Designers take from the past for the city's future
Designers take a step back in time in search of fresh ways to conjure up old Hong Kong, writes Christopher DeWolf

When the restaurateur Josh Ng Pak-kei and his twin, Caleb Ng Pak-wah, were looking for someone to design the interior of their latest venture, a Sai Ying Pun pancake and cocktail bar called Stack, they wanted something rooted in Hong Kong.
"You can see there are a lot of architecture and interiors that are copying different styles from New York," Josh says. "I was thinking, 'Why can't we do something that really represents Hong Kong?'"
We don’t just duplicate old Hong Kong; it’s transformation of the old into new
It was a mission that seemed especially important in Sai Ying Pun. The impending arrival of the MTR has sparked a boom in new bars, restaurants and shops in the hillside neighbourhood, many of them indistinguishable from those found in SoHo - whether that be Hong Kong, New York or London.
It's a similar story in other neighbourhoods, where rising rents have driven out many old shops and restaurants, along with their decades-old decor.
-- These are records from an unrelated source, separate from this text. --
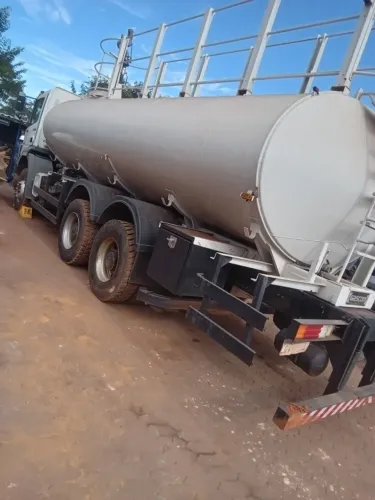 CAMINHÃO PIPA AXOR 3131 6X4 - 20.000L
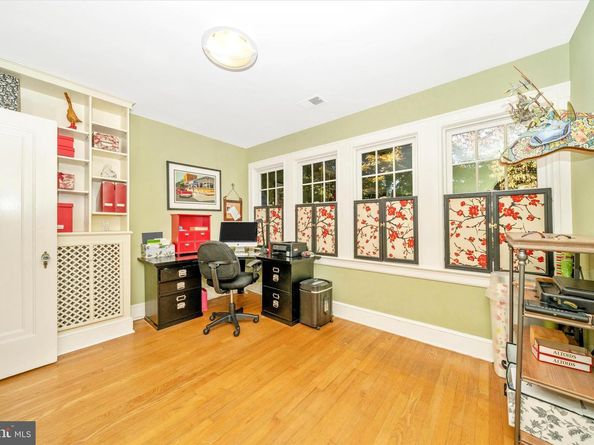 3902 Aspen Street, Chevy Chase MD 20815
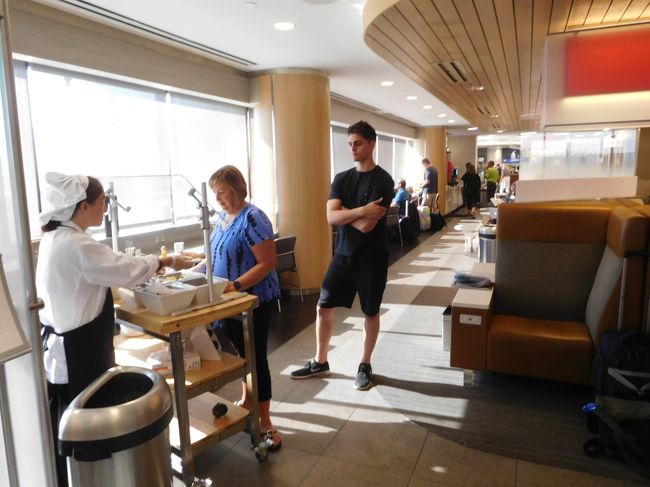 好みの具材を選んでタコスかオープンサンドを<br />作ってくれるサービスもありました。<br />（ホテルで朝食を食べたので、あまりお腹が<br />すいていなくてよく見ていない）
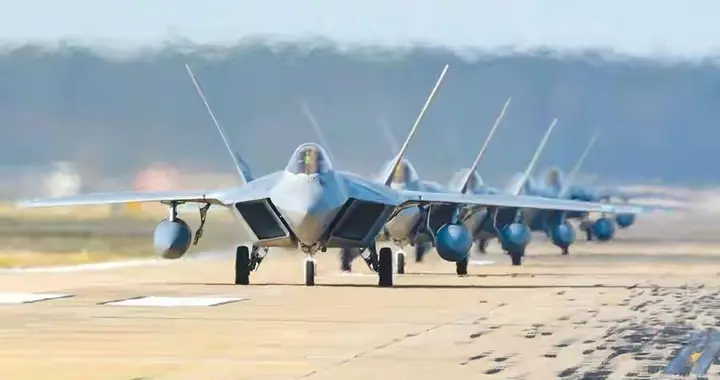 超级猛禽开倒车？加挂4个吊舱能否应对来自歼-20的压迫感！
And while designers such as Douglas Young, founder of lifestyle brand G.O.D., have successfully replicated elements of Hong Kong's vernacular design in projects such as Starbucks' bing sutt corner in Duddell Street - evoking the city's old-style cha chaan teng - others are asking themselves how to recall Hong Kong in a more contemporary way.
"We've been struggling with this issue for some time," says Wilson Lee, director of Wall Studio, which the Ng brothers hired to design Stack. "We don't want to just duplicate the patterns and design of old Hong Kong because that doesn't relate to the culture of Hong Kong nowadays. It has to be about the transformation of the old elements into something new.
"If you just copy something from the past and focus on the outlook, the spirit and meaning behind it is gone."